Creating a powerful résumé that is visually appealing, full of compelling content, and grabs the attention of interviewers is no easy task, particularly in today’s ultra-competitive landscape.
Don’t bury the lead. Very often, when candidates come to me for résumé help, one of the first things I ask them is what they want to do with their career going forward. Sadly, I seldom can tell for sure from looking at their current résumé. Perhaps you too are guilty of neglecting to put a headline and branding statement at the top of your résumé.
If you want to quickly make an impact and give the reader the 30 second speech regarding what you are about, get the headline and branding statement on there. You will be pleasantly surprised with the response you will likely receive.
Avoid redundancy or repetitiveness. Have you or any of your friends and colleagues ever had a résumé that reiterates verbatim the same exact information for multiple roles? Snorefest!! The résumé should inspire the reader; it should serve as a call to action – you want the interview! Once you have referenced the information on the résumé, it is not necessary or desirable to reference it again.
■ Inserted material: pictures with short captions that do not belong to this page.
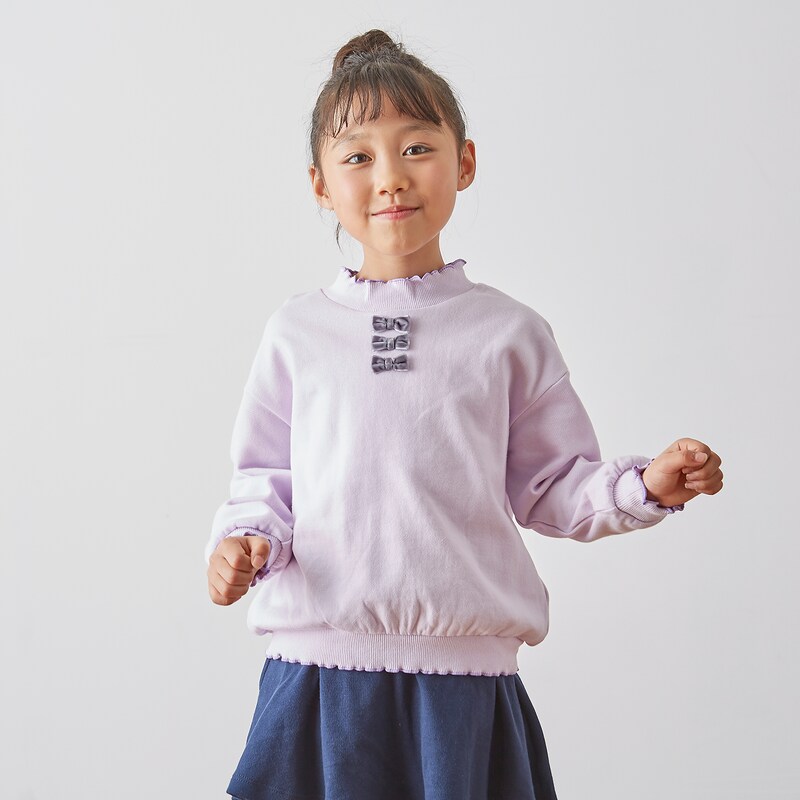 メロウ配色デコレーション裏起毛プルオーバー 女の子 子供服 通販のベルメゾンネット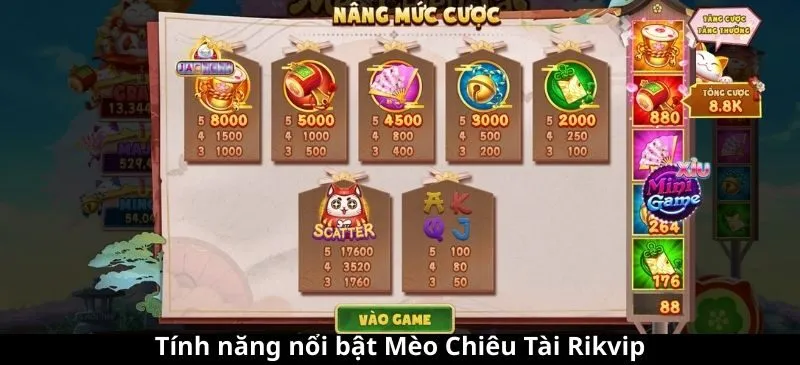 Tính năng nổi bật Mèo Chiêu Tài Rikvip “hái” thưởng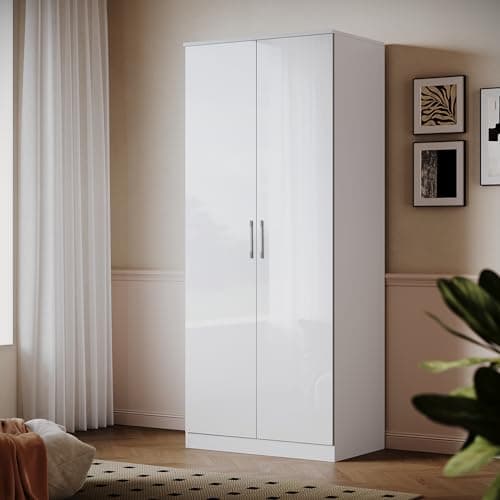 Image of ELEGANT Modern High Gloss Soft Close 2 Doors Wardrobe with Metal Handles Includes a removable hanging rod and storage shelves, White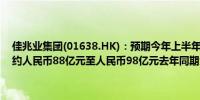 佳兆业集团(01638.HK)：预期今年上半年本集团将录得亏损净额介乎约人民币88亿元至人民币98亿元去年同期为亏损净额人民币66亿元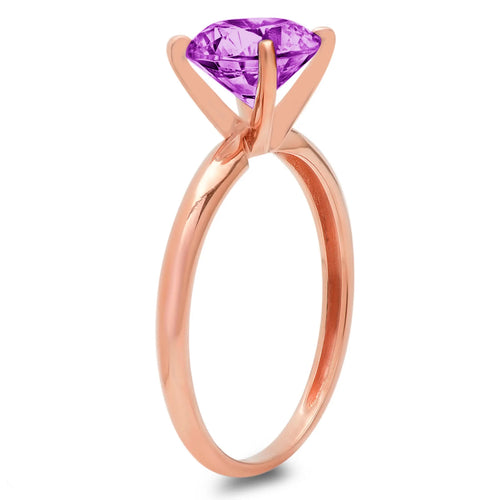 14k Rose Gold Simulated Alexandrite Ring Size 10.5 L475130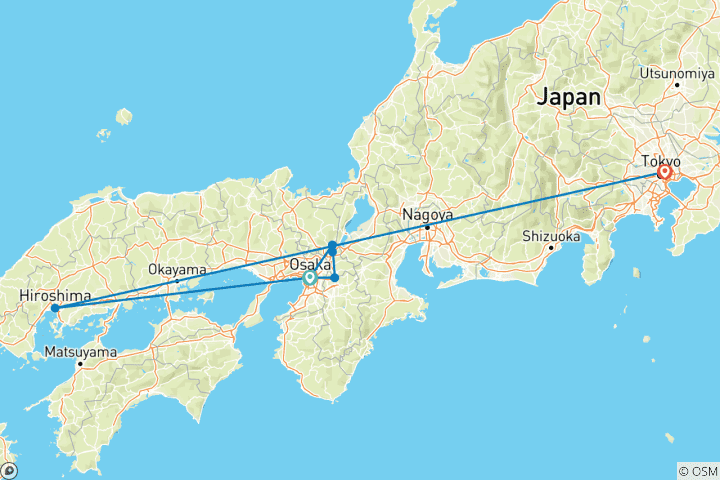 Map of 9 Days In Depth Cultural  Japan Small Group Tour (Osaka to Tokyo by rail)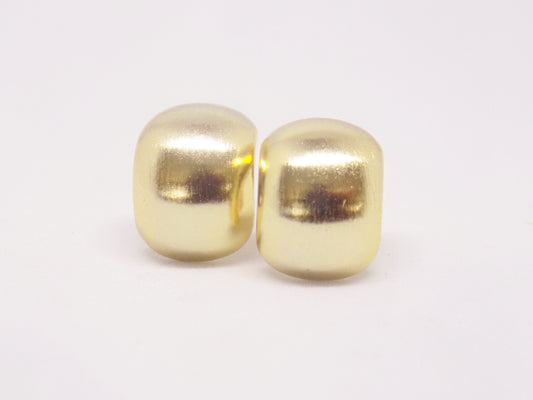 Handmade 14K gold plated smooth circular minimalist stud earring, crafted for timeless elegance at GeorgiaReneeBoutique.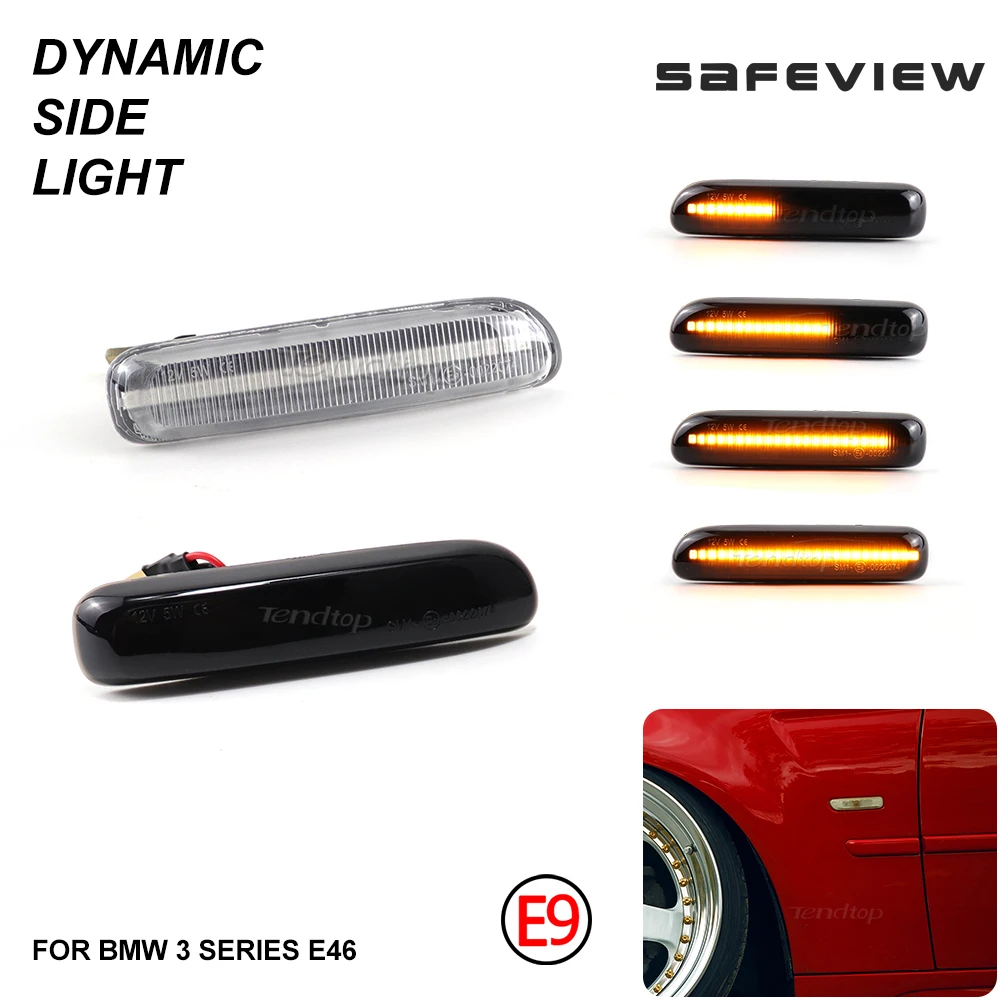 Dynamic Turn Signal LED Side Marker Mirror Light Flashing Indicator For BMW 3 Series E46 Coupe Compact Cabriolet Touring Saloon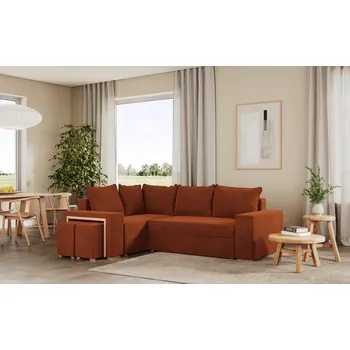 Sedací souprava Rohová rozkládací sedačka MALAGA oranžová - CORD 205.11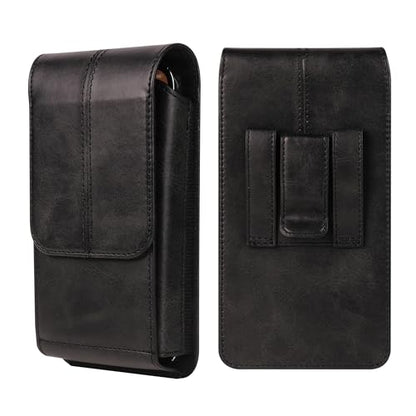 Phone Pouch with Belt Clip Leather, Mobile Phone Waist Pack Black - color: Black, size: 7.2 INCH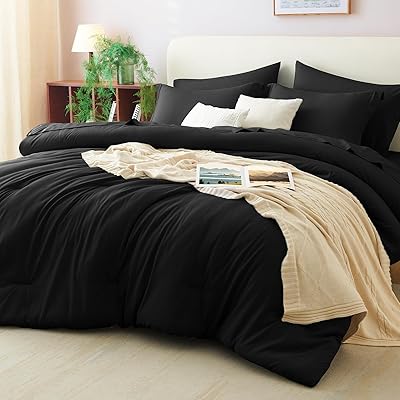 CozyLux Queen Comforter Set Black, 7 Pieces Bed in a Bag Soft Bedding Comforter Set with Sheets, All Season Boho 7PC Bed Sets with Comforter, Fitted Sheets, Flat Sheets, Pillow Shams and Pillowcases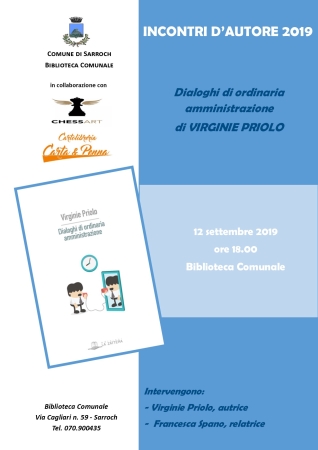 Incontri d’Autore 2019: “Dialoghi di ordinaria amministrazione” di Virginie Priolo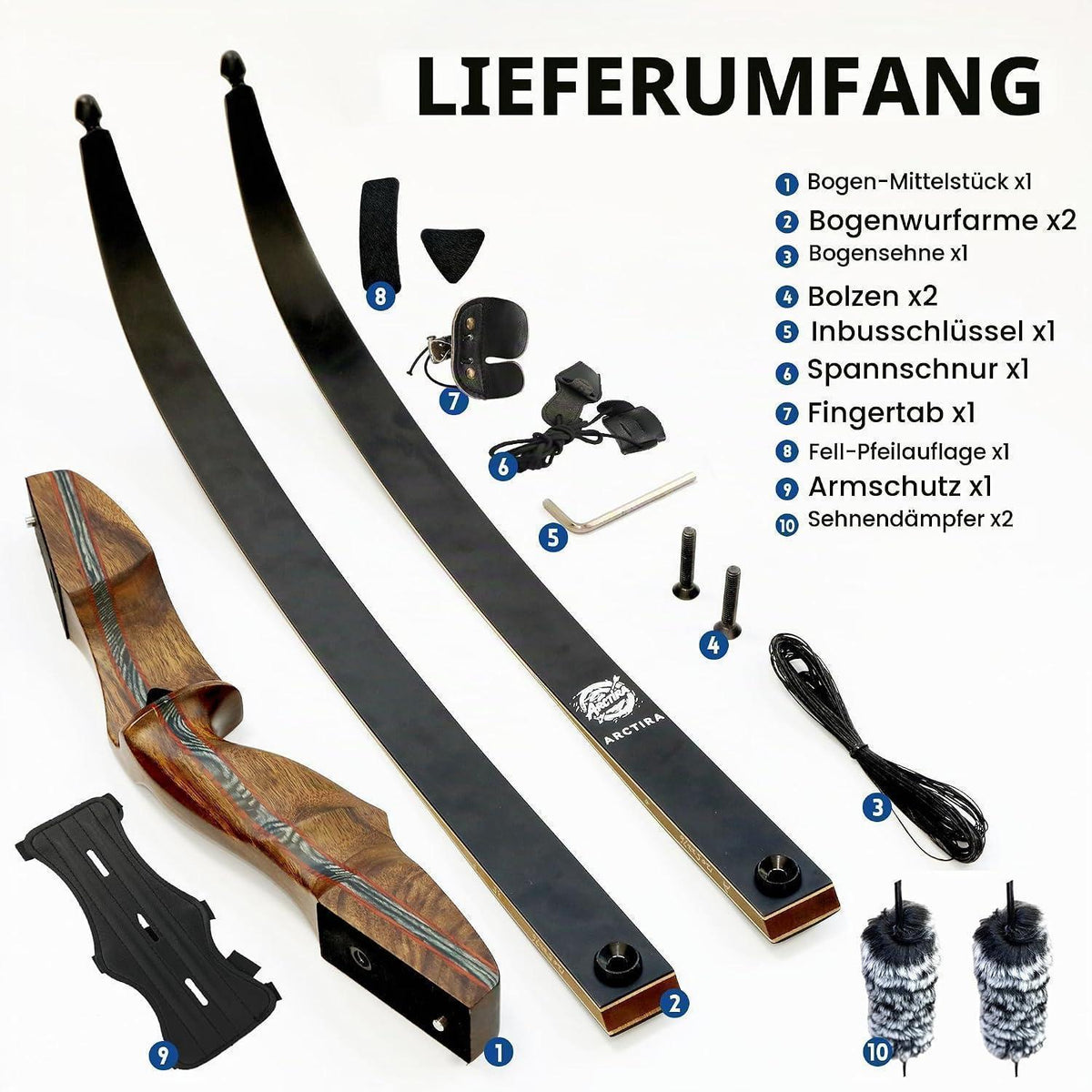Recurve Bogen Takedown 50lbs – Set für Anfänger & Profis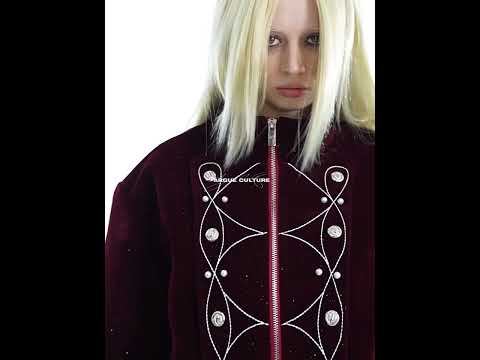360-degree video showcase of the cropped metallic-button jacket with pearl embellishments and stand collar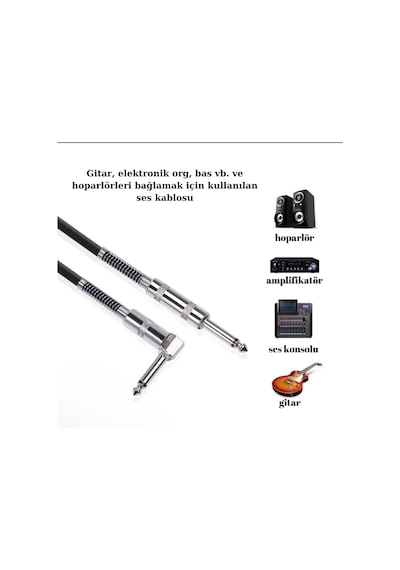 Gitar Jack Kablosu 10m - 32,8ft Düz/l Elektro Akustik Bas Bağlama Keman Amfi & Mixer Uyumlu Jak Kablo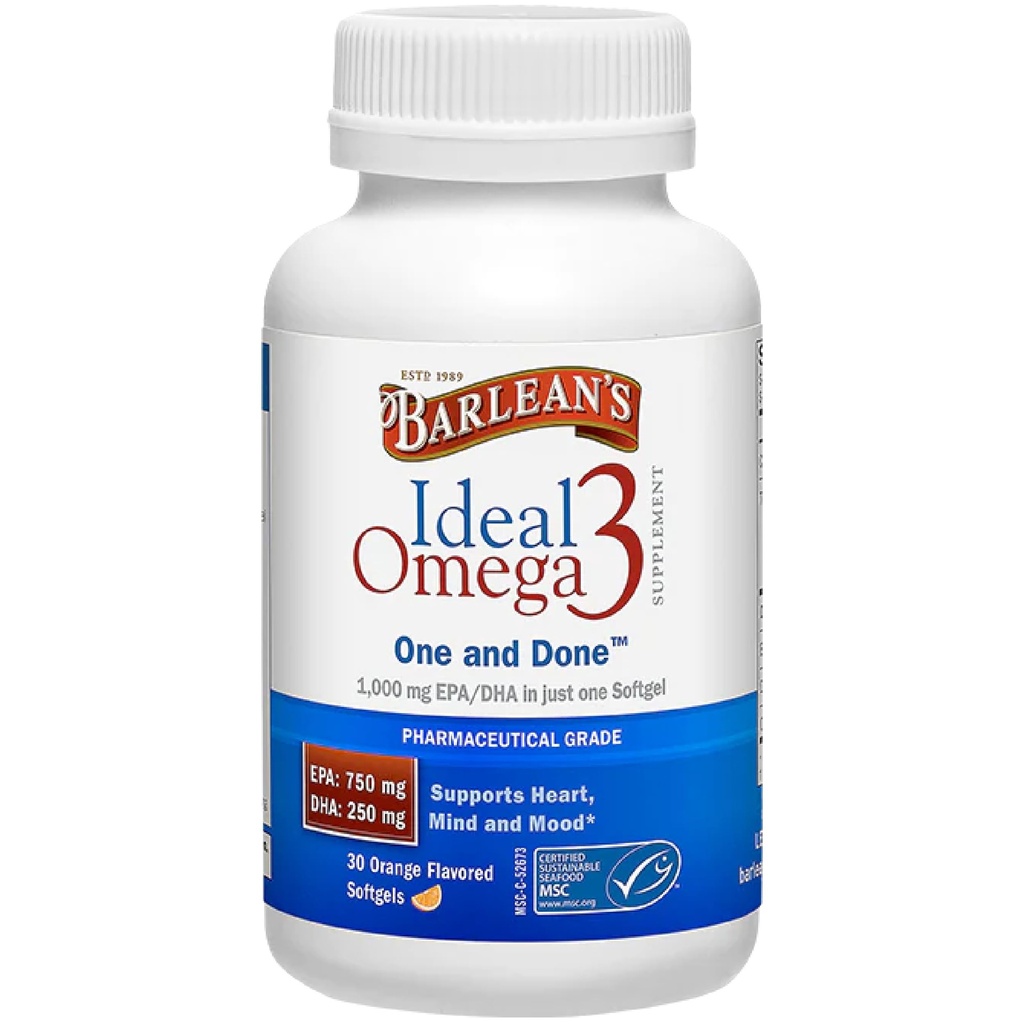 Barlean's ideal Omega 3 营养补充软胶,含1,000mg EPA/DHA 心脏,心智,和Mood - 认证 可持续海鲜,药品级 - 30名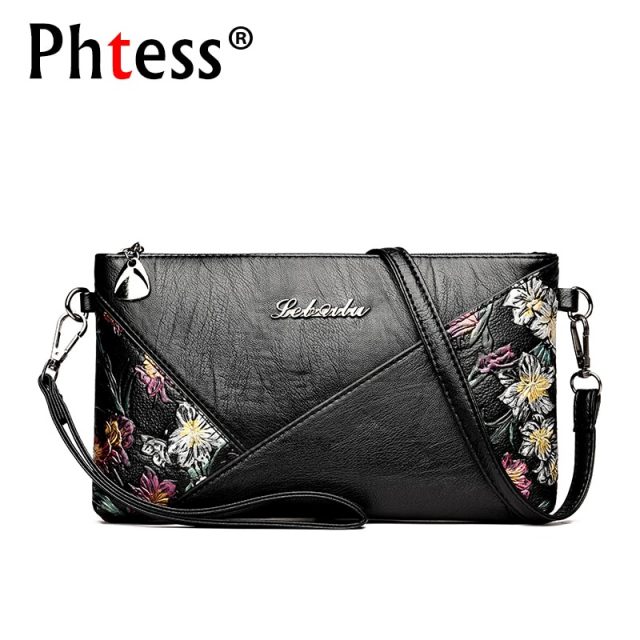 2019 Women Leather Messenger Bags Small Crossbody Bags For Women Sac a Main Flowers Shoulder Bag Female Envelope Bag Clutch Lady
Spice your résumé up by modifying the wording. If you spend some time thinking about it, you can change sentence structures to say something similar, but without sounding like a broken record. Go to thesaurus.com and find alternate adjectives and nouns. Vary the information.
Don’t over extend. Avoid run on sentences. Break up what you are trying to say into two or even three sentences rather than stringing together one long drawn out explanation. Hiring managers like to skim a résumé. Lengthy sentence structures can be confusing and downright annoying to the reader. The word ‘and’ is great to connect two or even three things – after that, it just doesn’t work.
Don’t overlap or use unusual dates. Does your résumé have overlapping or unusual dates? Handle this with care. Every situation is unique; but the important thing to remember is that you are presenting information to an external party. Is the information understandable? Do the dates make sense? Have someone else review the document to ensure that you are delivering the information clearly.
One way to handle overlapping dates is to move a part-time job that was concurrent with another role, to a special section called ‘Additional Experience’. Another way to address this issue would be to make a note in the second job that mentions it was concurrent with the first. If it’s confusing, rework it.
Never review it just once. If the rules of English grammar and spelling are not your strong suit, don’t go it alone. Grammar, spelling, and punctuation, as well as general sentence structure all make an impression on the hiring manager or recruiter who is reading your résumé. The presentation and content are direct reflections of your professional brand.
Writing a good résumé is both an art and a science. It requires incredible skill and careful maneuvering. Just as a mountain climber must watch every step he takes on a precarious slope, a candidate preparing a résumé must consider all aspects of his document to create a résumé that won’t leave him hanging over the edge.